The notes of Algorithms ---- Data Structures ---- Hash Table-优快云博客

本文链接：https://blog.youkuaiyun.com/DirkNow/article/details/8803720

本文深入探讨了哈希表的工作原理，包括直接访问表的优势与局限性、哈希函数的设计原则，以及解决冲突的方法如链接法和开放地址法。此外，还介绍了如何选择合适的哈希函数以提高效率，并讨论了通用哈希的概念及其应用。

摘要生成于 C知道，由 DeepSeek-R1 满血版支持，前往体验 >

Table S holding n records.

One record structure is like this:

struct{

Key;

Satellite data;

}

X, as a pointer, which point to one record.

Operations

- Insert(S,x); //S<--S∪{x}

- Delete(S,x); //S<--S - {x}

- Search(S,k); //return x, such as key[x]=k or nil if no such x. (Note, the second param is k not x.)

Direct Access Table:

Suppose keys are drown form U={0,1,......m-1}

Set up array T[0,......,m-1] to represent the dynamic set S.

T[k]=x if x∈S and key[x]=k

T[k]=nil otherwise

Operation take Θ(1) time.

Disadvantage: if the range of U is very large and only a subpartion of U will be map into table S, there will be lots of waste space.

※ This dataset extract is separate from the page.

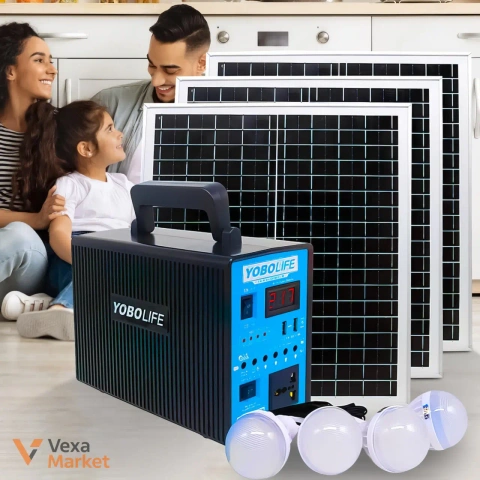 Портативна зарядна станція YOBOlife LM-9300 300W з сонячними панелями та лампочками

Furthermore, if the key is not represent by numeral, it cannot map the key into index of the array. So, we need another data-structure ------ Hash-Table.

Hashing:

m: stands there are m slots(space).

n: there are n records to map into the slots.

Hash funcion h maps keys "randomly" into slots of table T. When a record to be inserted maps to an already occupied slot, a collision occurs.

Resolving collisions

The first method --- by chaining:

Idea: link records in same slot into a list.

Analysis:

Worst-case: every hashes to the same slot. Access takes Θ(n) time.

Anverage-Case: assumption of simple uniform hashing

- each key is equally likely to be hashed to any slot in T independent of where other keys are hash.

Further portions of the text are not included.